3. The research topic
We must be very passionate about the subject we’re working on. To be honest, I am a bit divided whether to rank this as the second or third most important element. The reason I rank the supervisor higher is because we’ll eventually find the research difficult and frustrating. Our passion will carry us far but not far enough. Once we hit a wall, only a good supervisor will be able to help us overcome the problem and rekindle our love for the subject. In addition, one may not have sufficient knowledge in an area to start with to fully appreciate a subject. In this case, a good supervisor will be able to ignite our passion in the area by highlighting the importance and the interesting bits of the research subject, therefore providing us with that passion required to finish the thesis.

Common misconceptions:
The subject must be a popular research topic. We’ll have a hard time finding new things to discover as others are rapidly doing good work.
We can do experimental PhDs without a proper lab in place as we can always start our own setup from scratch. Buying things and putting together our experiments take a long time and a lot of money. If we want to do an experimental PhD, make sure the lab has sufficient apparatus and materials.
It’s good to choose an ‘easy’/’straightforward’ research topics such as repetitive measurements or data crunching in an area we’re already familiar with. It doesn’t hurt to do these. We’ll get our PhDs. But these three to four years are perfect for us to attempt something crazy. We’ll have a lot of time to concentrate on solving difficult problems and we’ll (hopefully) have the full support of our supervisor and colleagues.

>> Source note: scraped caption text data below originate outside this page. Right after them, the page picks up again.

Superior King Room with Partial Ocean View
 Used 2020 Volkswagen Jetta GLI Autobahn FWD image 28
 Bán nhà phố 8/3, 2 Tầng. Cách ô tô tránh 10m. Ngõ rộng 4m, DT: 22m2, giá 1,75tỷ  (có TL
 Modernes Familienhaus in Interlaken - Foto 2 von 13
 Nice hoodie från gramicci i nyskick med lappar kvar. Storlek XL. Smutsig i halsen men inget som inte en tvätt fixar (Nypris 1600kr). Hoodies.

Try something difficult. Learn something new. Discover.

4. The university
Actually I am quite inclined to not even list this as an important element. The reason is because it does not quite matter where we do our PhD. Good supervisors and good research projects can be found even in small universities. The quality of our PhD will in the end be determined by the quality of our thesis and publications. But I guess it does matter a bit as you would like to do it in established, preferably household name universities as they will have a structure in place to: (i) help you if you are in trouble and (ii) ensure that your are able to finish on time. Plus it looks nicer on your CV.

Final words:

What about completing a PhD? Well, I am not going to write much about completing a PhD. The reason is because each PhD journey is unique. Hence, it is more difficult to ascertain what constitutes a good advice and what is not. It all depends on one’s particular situation. If it helps, I followed several advice which I found useful:

(i) Write often – both your thesis and research papers. Since day one. 50% of the papers I wrote was never submitted. I rewrote most of my thesis in the final year. But were the earlier drafts and the rejected papers a waste of time? Not at all. They all helped to form my final thesis.

(ii) Be nice – it can get fairly competitive. Just keep things healthy, respect everyone and never shy away from helping others. Be humble.

(iii) Develop a thick skin – disappointments come often. Papers get rejected, unsuccessful experiments, rude people, being looked down by more senior figures. Just pick yourself up and deal with it.

(iv) Work hard everyday – read papers and discuss with others in the first year. Accept the fact that we know very little. Learn. Do experiments/simulations in the second year and after. Document failures. Try again. Discuss. Document successes. Write. Publish. Everyday.

Just a takeaway point, I just would like to say that despite the sacrifices, I never regretted doing my PhD. I’ve learnt that the important thing is to try. And once we’ve started the journey, keep working hard. It’ll end, most likely happily. And we’ll be glad we tried in the first place.